*Data provided:*
-- -- --

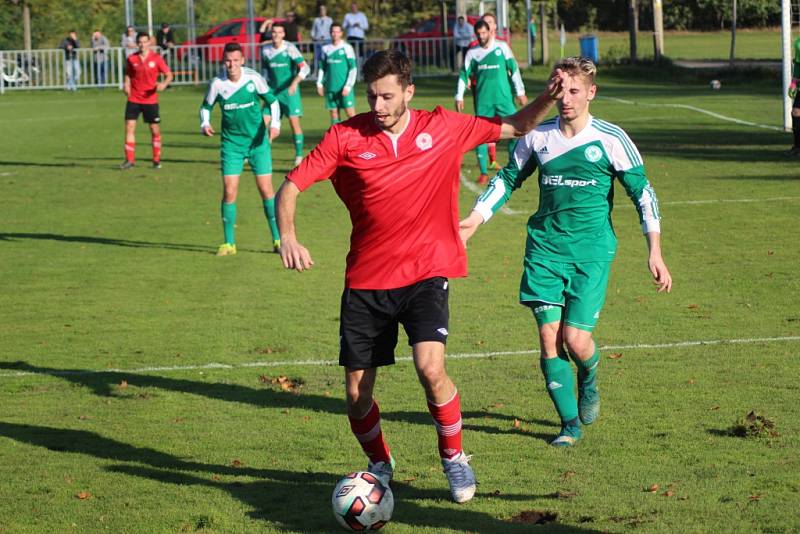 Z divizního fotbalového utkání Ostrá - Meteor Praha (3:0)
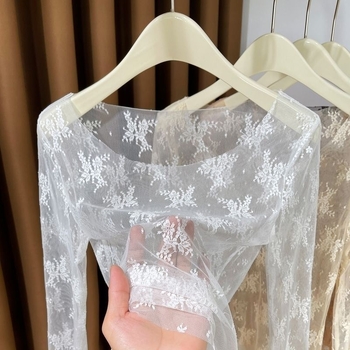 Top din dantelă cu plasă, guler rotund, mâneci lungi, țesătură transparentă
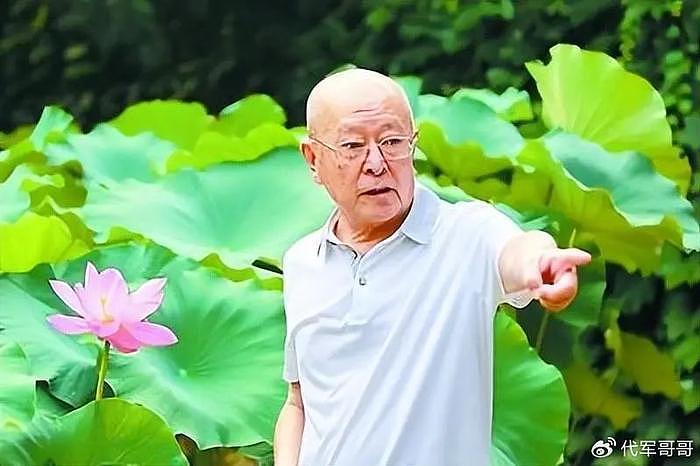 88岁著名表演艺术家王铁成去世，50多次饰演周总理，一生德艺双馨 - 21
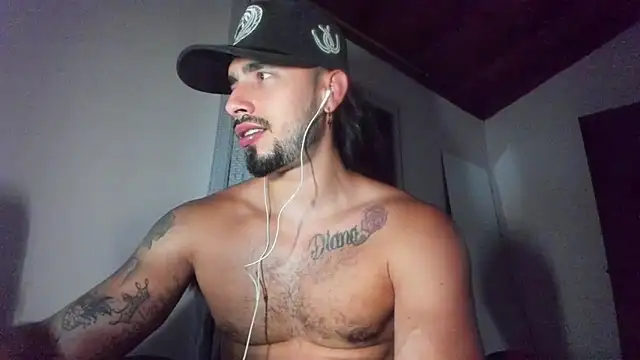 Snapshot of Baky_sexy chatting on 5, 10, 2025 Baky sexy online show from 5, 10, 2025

-- -- --

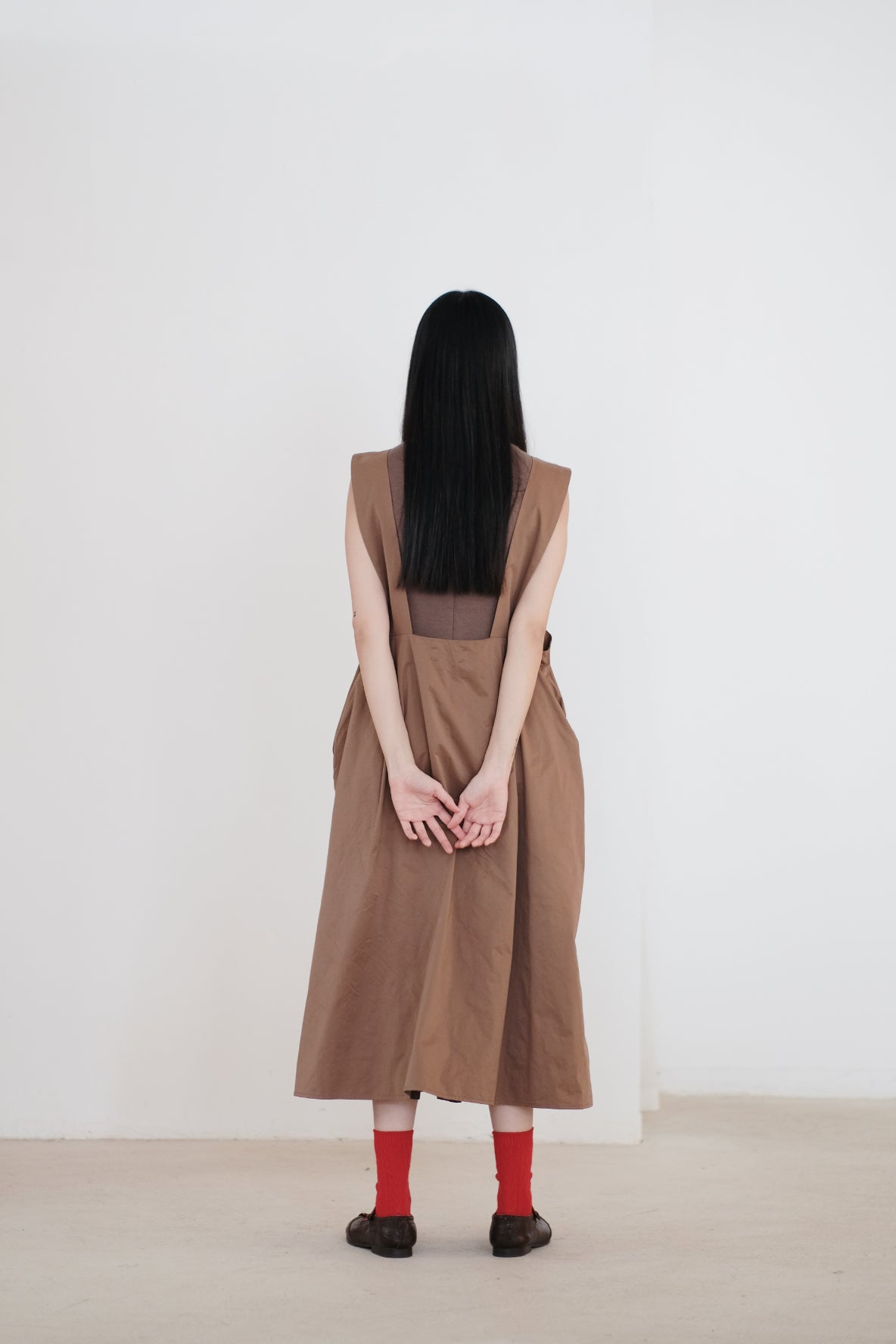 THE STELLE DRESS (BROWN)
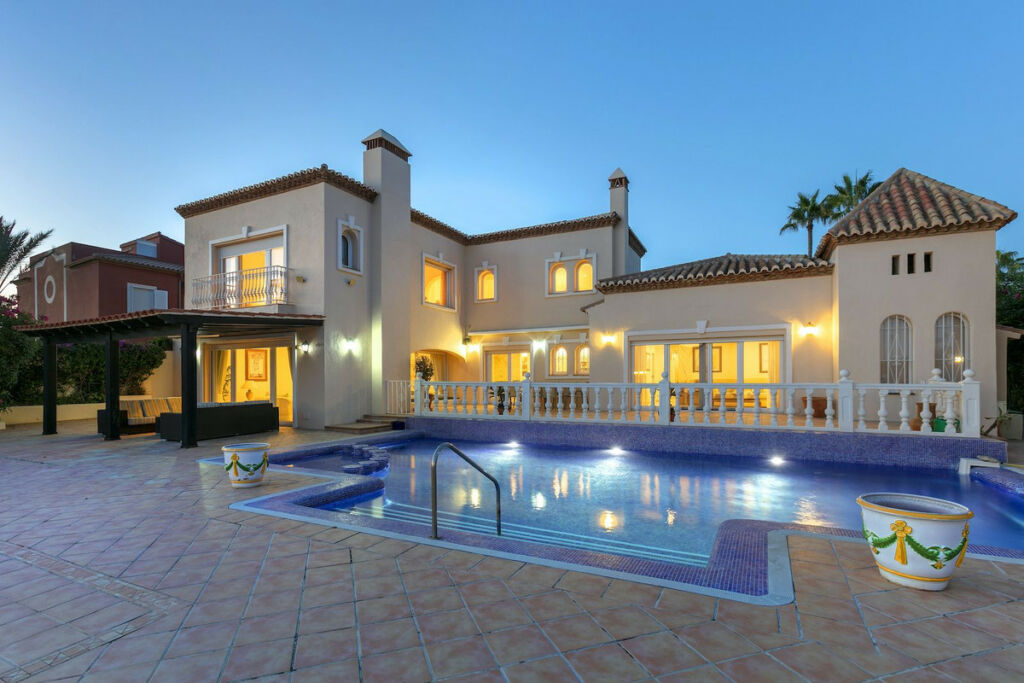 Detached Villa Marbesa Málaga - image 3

-- -- --

*What you will do:*
Beginning with the line above that has "THE STELLE DRESS (BROWN)" and going on through the line that has "Detached Villa Marbesa Málaga - image 3", retype every line exactly and add nothing else; drop the pictures.

*Response to the exercise:*
 THE STELLE DRESS (BROWN)
 Detached Villa Marbesa Málaga - image 3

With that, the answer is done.